Task description: Begin with the line containing "1911 WESTERN MOLINE", end with the last line of the records, and retype everything in between exactly, without the pictures.

(Beginning of Information)

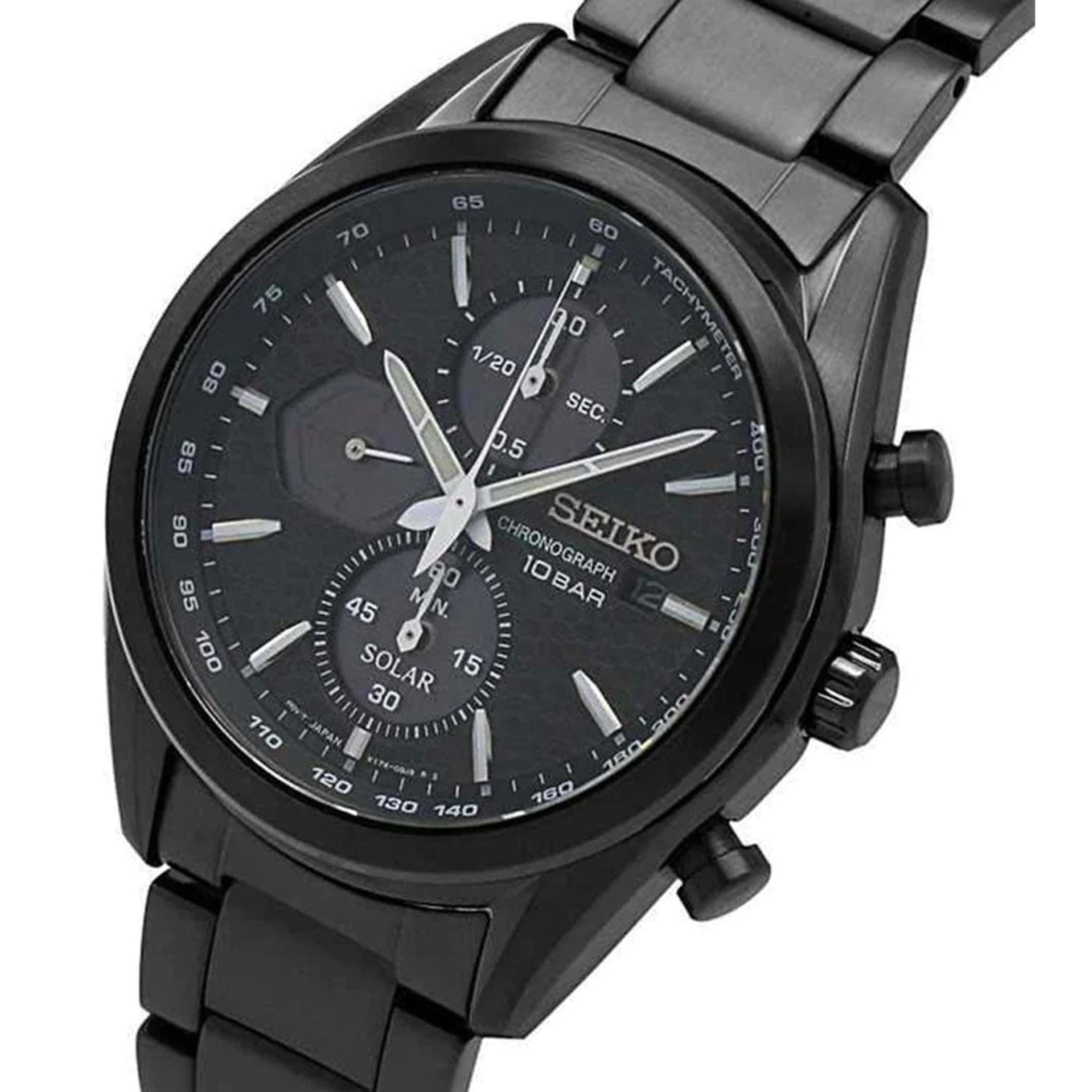 Seiko Conceptual 41.6mm Solar Chronograph Black Dial Steel Mens Quartz Watch SSC773P1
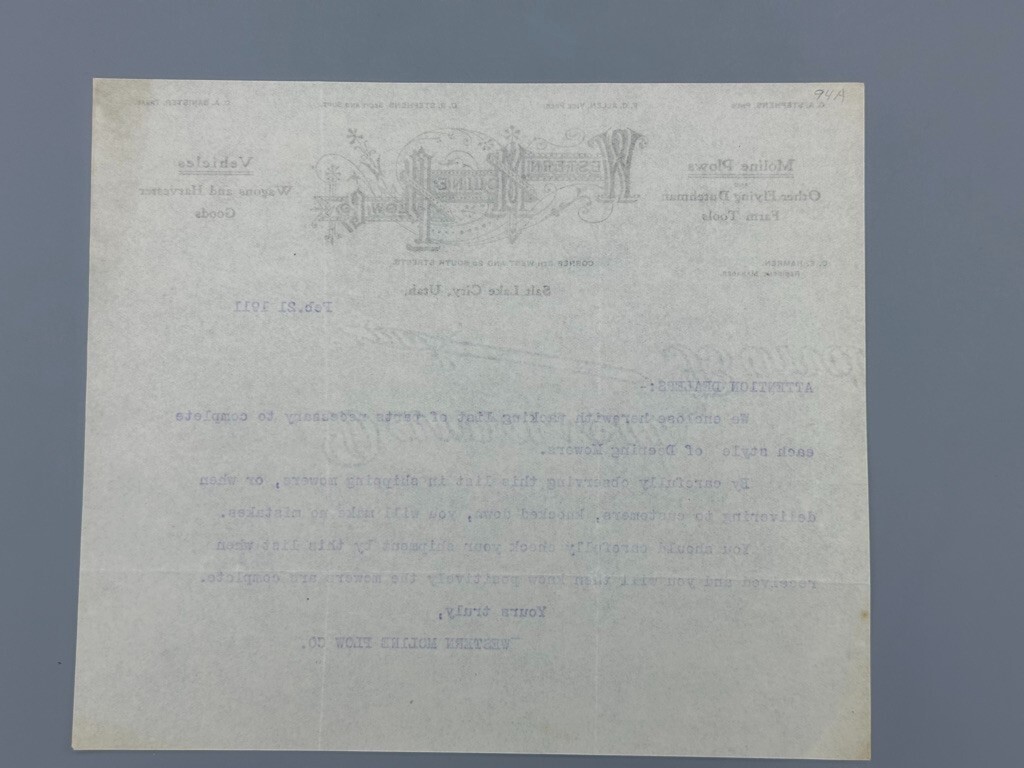 1911 WESTERN MOLINE PLOW Co FARM Advertising SALT LAKE CITY Utah Letter Antique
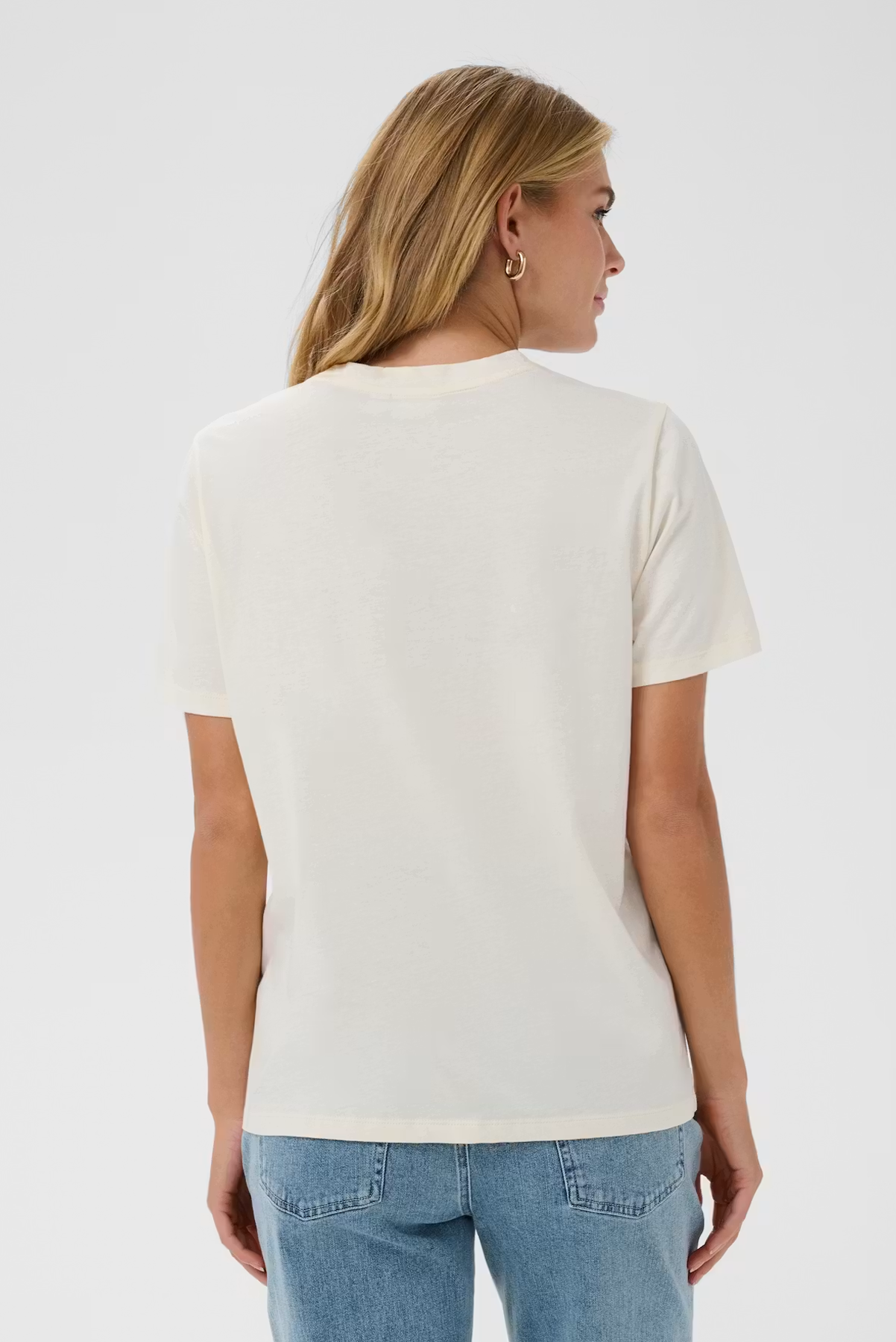 SAINT TROPEZ PALINA TSHIRT COTTON TEE IVORY WHITE ICE BLUE LOGO TEE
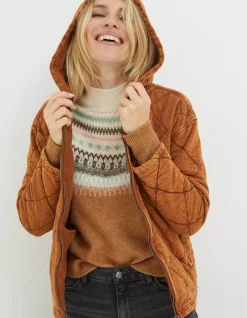 FatFace Asher Quilted Zip Through Hoodie Chestnut Brown Sale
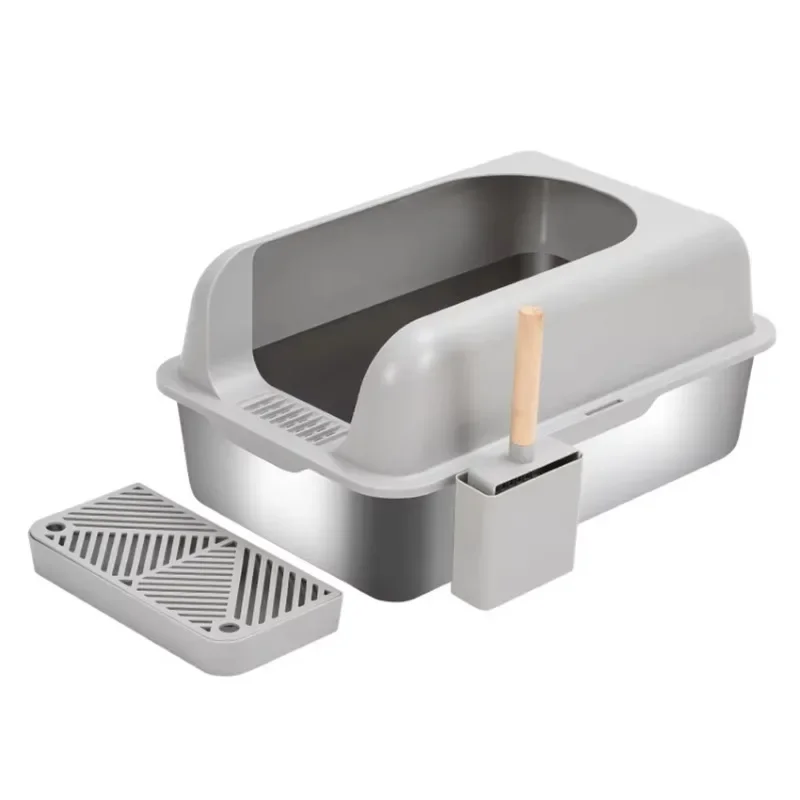 

Stainless Steel Cat Litter Box High Fence Prevent Cat Litter From Splashing Pet Sand Toilet With Lid And Litter Shovel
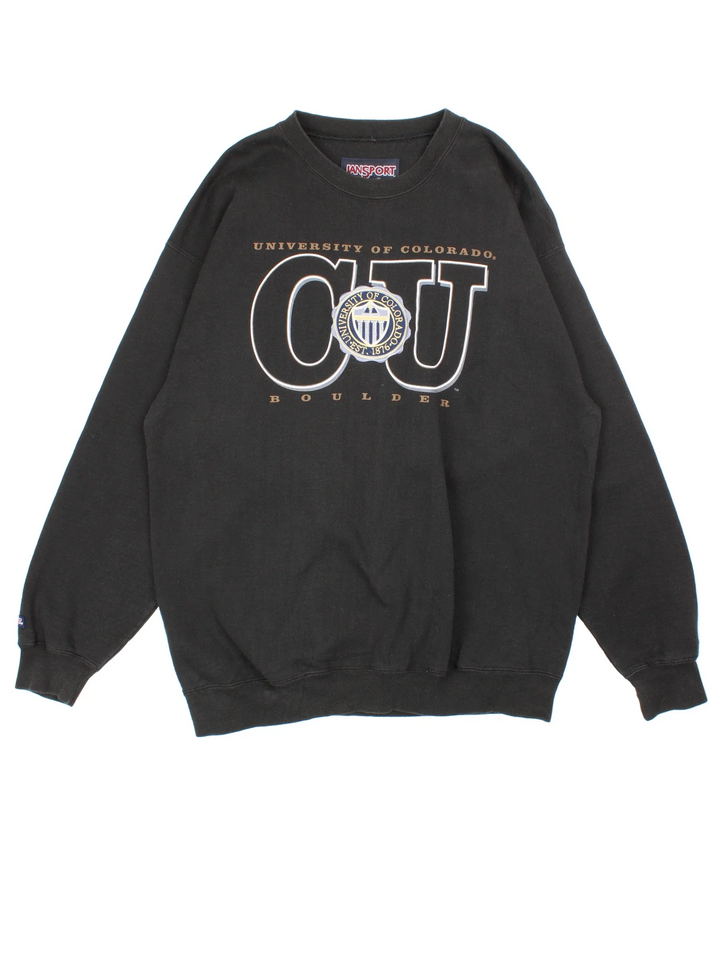 Vintage Colorado University Sweatshirt in a black colourway with the logo and graphic printed on front.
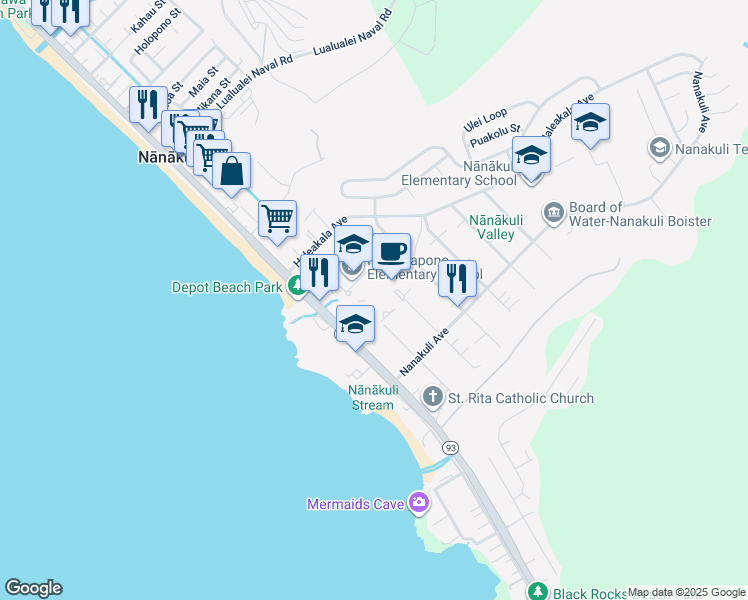 map of restaurants, bars, coffee shops, grocery stores, and more near 89-102 Farrington Highway in Waianae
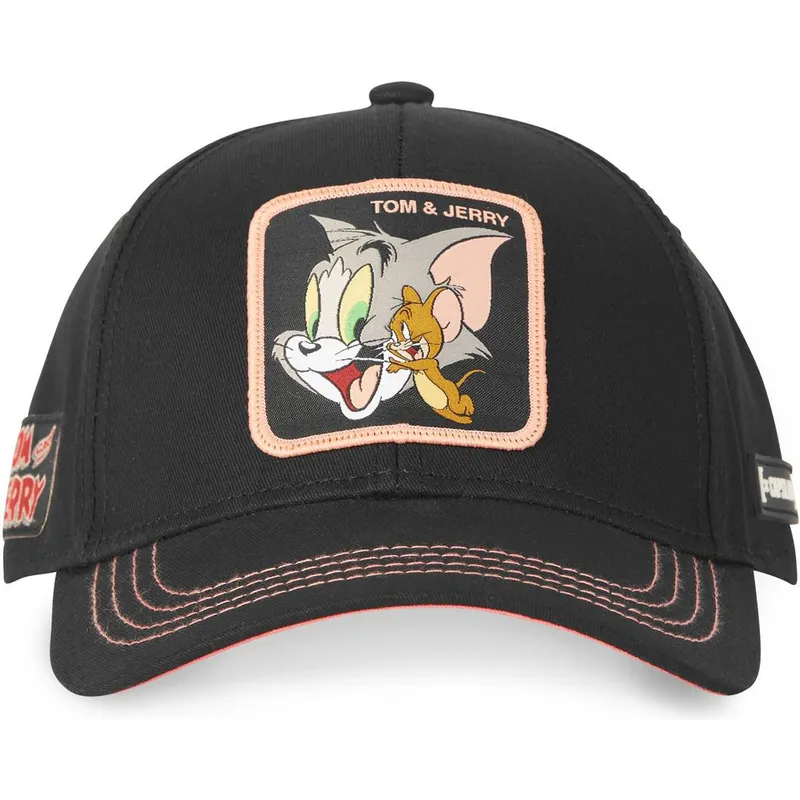 sort-justerbar-curved-cap-tom-og-jerry-tj3-looney-tunes-fra-capslab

(End of Information)

Solution for this problem:
 1911 WESTERN MOLINE PLOW Co FARM Advertising SALT LAKE CITY Utah Letter Antique
 SAINT TROPEZ PALINA TSHIRT COTTON TEE IVORY WHITE ICE BLUE LOGO TEE
 FatFace Asher Quilted Zip Through Hoodie Chestnut Brown Sale

Stainless Steel Cat Litter Box High Fence Prevent Cat Litter From Splashing Pet Sand Toilet With Lid And Litter Shovel
 Vintage Colorado University Sweatshirt in a black colourway with the logo and graphic printed on front.
 map of restaurants, bars, coffee shops, grocery stores, and more near 89-102 Farrington Highway in Waianae
 sort-justerbar-curved-cap-tom-og-jerry-tj3-looney-tunes-fra-capslab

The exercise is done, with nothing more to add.